ガリガリ君好きな勇者
俺はガリガリ君が好きだ。愛している。
だが人は俺の愛を理解してくれない。何故ならソーダ味以外を食べないからだ。いや俺だって最初は新しいのが出るたびに買っていたさ。けれどナポリタンで懲りたんだよ。やはり原点こそ最強であると気づいたんだ。いや気づかされたのだ。
まあ仲の良い友達と家族は知ってくれていると思う。何せ俺の朝ごはんはガリガリ君だし、夜ご飯のデザートもガリガリ君だし、家の冷蔵庫の十分の一は俺のガリガリ君なのだ。学校帰りの買い食いも、ガリガリ君一択しかないし、運動部でもないのに丸刈りなのだ。ちなみに顔も似ているらしいので嬉しい。
「ウワーーーッ」
それに例えば、ある日の下校中に突然足元に魔法陣が光って、異世界転移させられたとしても、俺は決して、ガリガリ君を手放さなかった。
転生神のお爺さんに「チートは何がいいかの」と聞かれた時も、迷わず俺はガリガリ君でお願いしますと即答したのだ。
「うーん困った、困ったのう」
とお爺さんが言う。どうやら僕に世界を救って欲しいらしく、ガリガリ君では役不足なのだとか。
「えっ……」
身体から力が抜ける。膝をつく。涙が溢れる。身体が震える。神様はガリガリ君が好きじゃない……?
「えっ、何でそんなに落ち込むんじゃ?えっ、ああいや、ほら、そう、ならば、氷魔法でどうじゃ?」
「何がですか?」
何の話をしているのか。ガリガリ君の話じゃないのか。どうすればお爺さんにガリガリ君の素晴らしさを分かってもらえるのか。
試食してもらおうにも、もはや手元のガリガリ君は全て食べてしまった。溶かしてしまって一滴でも零すのは最悪の大罪だから。
「うーむならば……錬金術はどうかの?自分で作れるようになるかもしれんぞ……?」
「俺が……ガリガリ君を……この手で?」
それは許されるんだろうか。発明してくれた偉大なる方々にお金を払わずに味わうのは罪ではないのか。
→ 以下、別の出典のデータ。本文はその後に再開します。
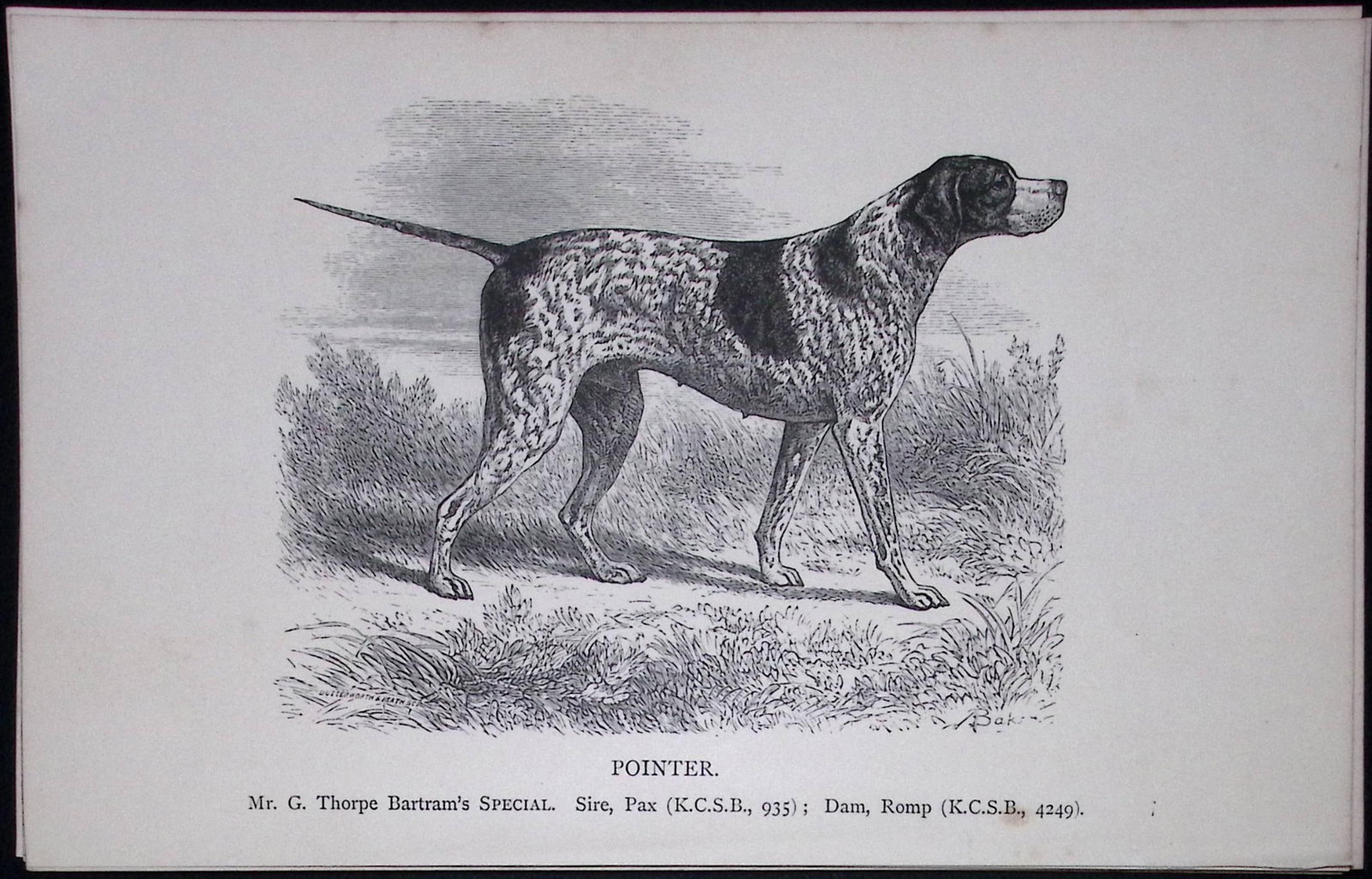 The Pointer Black Face British Dogs by Hugh Dalziel 1889 Antique Book Plate-29: Title: The Pointer Black Face British Dogs by Hugh Dalziel 1889 Antique Book Plate-29 Description: This Antique Book Plate Was Removed from a Edition of British Dogs by Hugh Dalziel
それは……許されては、いけない事だ。
「お爺さん、貴方は……邪神なんですか?」
「一体何故そうなるのじゃ!?ガフッ」
俺は問答無用でお爺さんの胸を貫いた。ガリガリ君を食べ続けてきた俺は最強なのだ。神であろうと敵ではなかった。
「よし、異世界に、ガリガリ君を広めよう」
ガリガリ君魔法のガリガリ君転移を使えばいつでも地球に帰って来れるから、問題は無い。
そうして俺は、お爺さんの部屋にある、異世界行の魔法陣に足を踏み入れたのだった。